How Many People?

I wrote this song when I was in a wierd state of newfound confident purpose and mournful remorse. I’d used people, places, things, to block myself from creating music possibly because of a long history of shame that surrounded it. Whether it’d be from football coaches saying “You choose guitar over music?” or it’d be from parents saying “How is that going to make money?”, when everyone else who is my equal tells me how awesome I am at guitar and song writing and making content. So the writing is on the wall and I had to have a funeral of the old person I was that believed I could live a double life of working professional and wildman musician. Often times when I’m overwhelmed I do self hypnosis which I learned from “Self Hypnosis for Dummies”.

Basically I have designed a place where I close my eyes imagine myself falling into a black void. My body gently converts into light particle snowflakes as I pass through to the other side and into the atmosphere of my own world. In this world the atmosphere has a barrier where none of my responsibilities and worries can enter. There is a beach made of soft golden sand, the waters are made out of emeralds, and there are sea rocks are made of gems and diamonds, and the temperature is perfect and soothing. It smells like sea salt and hibiscus flowers. In this world I have a spirit guide which I confide in. I decided that I would rather have a romantic like partner, basically the best girlfriend in the world and her name is Amara; and most of the time she gives me positive reinforcement or we go on wild adventures. The other figure in my dreams is an older looking me who stands at the tops of snowcapped mountains.
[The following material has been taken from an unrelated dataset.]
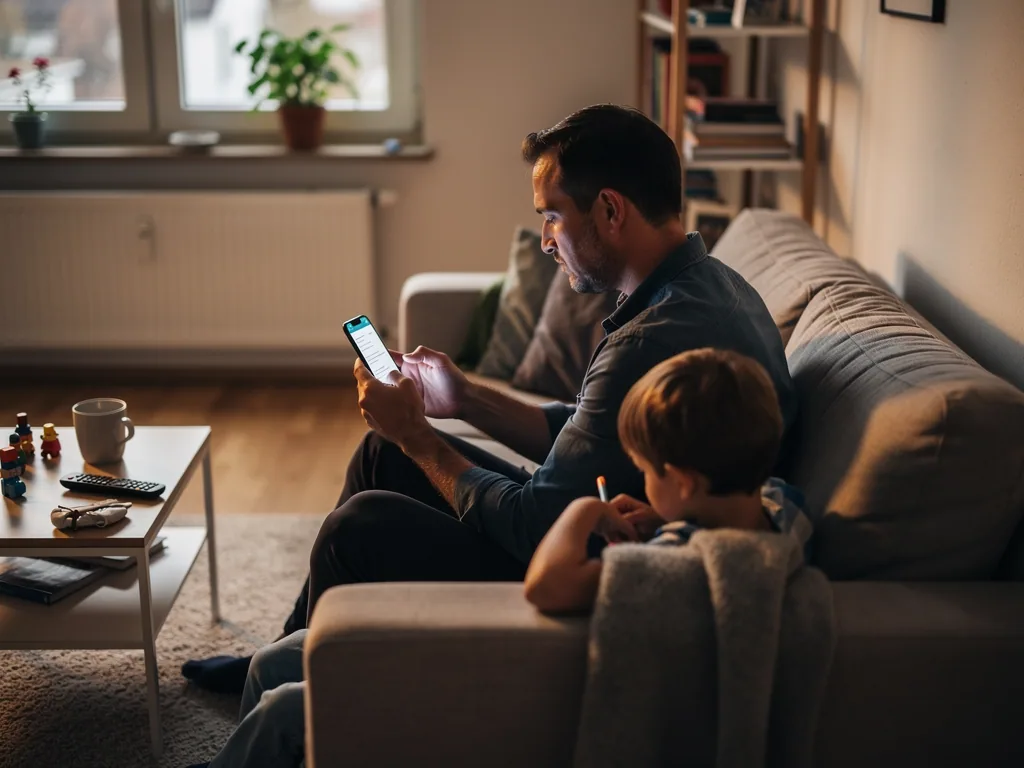 Vater sitzt mit Kind auf dem Sofa und liest Nachrichten auf dem Smartphone im Wohnzimmer.
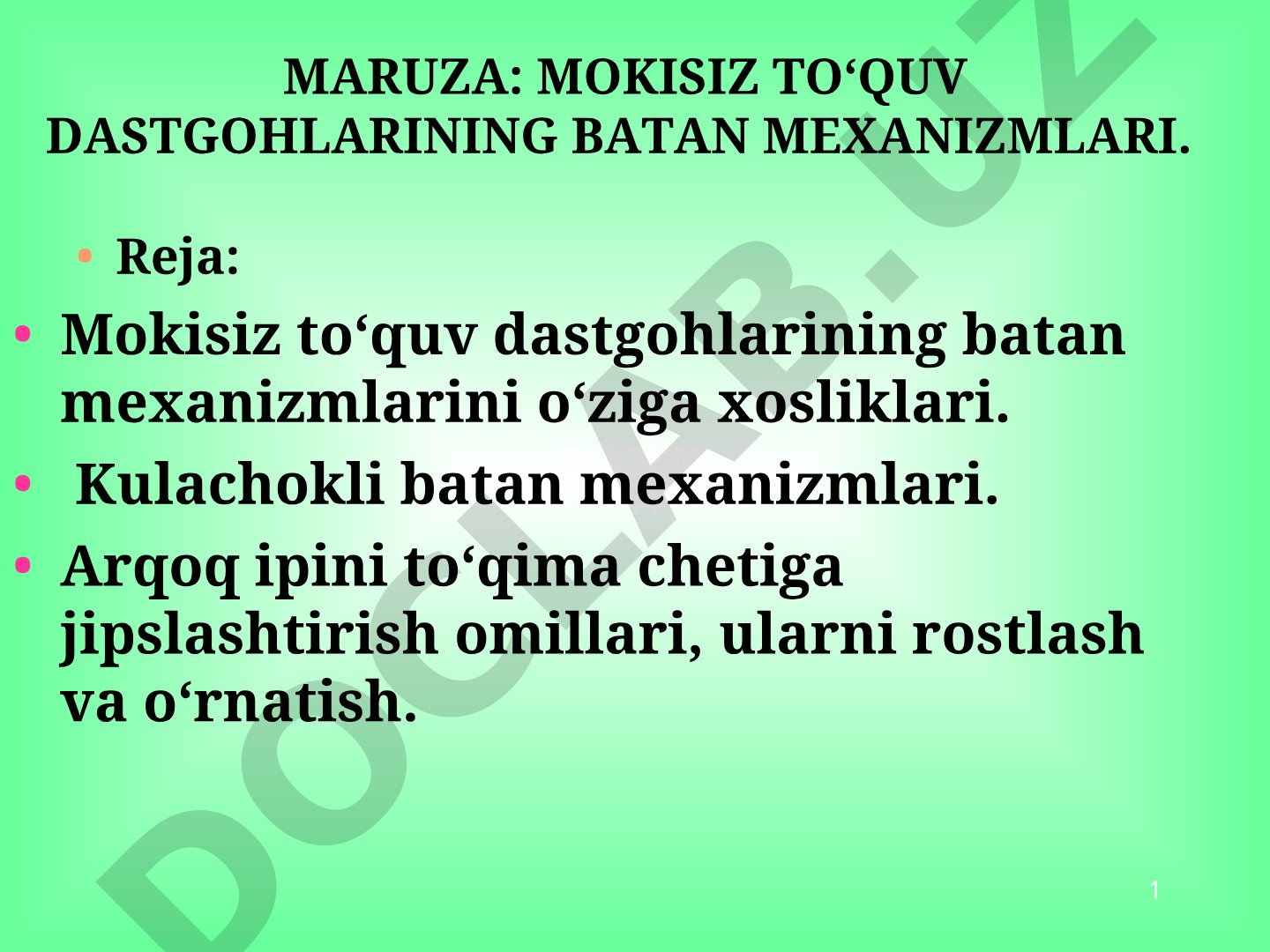 Mokisiz to‘quv dastgohlarining batan mexanizmlari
Often these conversations are stern but also free from the ideologies and myths of this world. So I’d encourage you to make you own “astral” like world too.

Anyway the conversation basically was how many people can play music like you do? how many people have the ideas that you have? how many people have a job teaching music? how many people have what you have? And it inspired this feeling of intense gratitude when I realized not many at first, but more importantly I realized I did. I was thinking about going out to do something else after I went back to my body, but the opening riff came into my head and I sat down to record it. Originally I recorded this with a bunch of beer keg samples for the drums so I could sound like Slipknot. Mostly because I was mad that Joey Jordinson wasn’t in the band and I feel like he is what makes their songs great. So I created the drums to sound like how Joey would play and the song took on this Slipknot meets Rage Against the Machine vibe. I think the duality in this song shows the turbulent and unsteady forces of my conscious mind being in the world that moves so fast, has so much information pushed on me, so many opportunities to compare successes and failures and the other part is the openness, steadfastness, and clarity within that I can tap into and bring back into the world.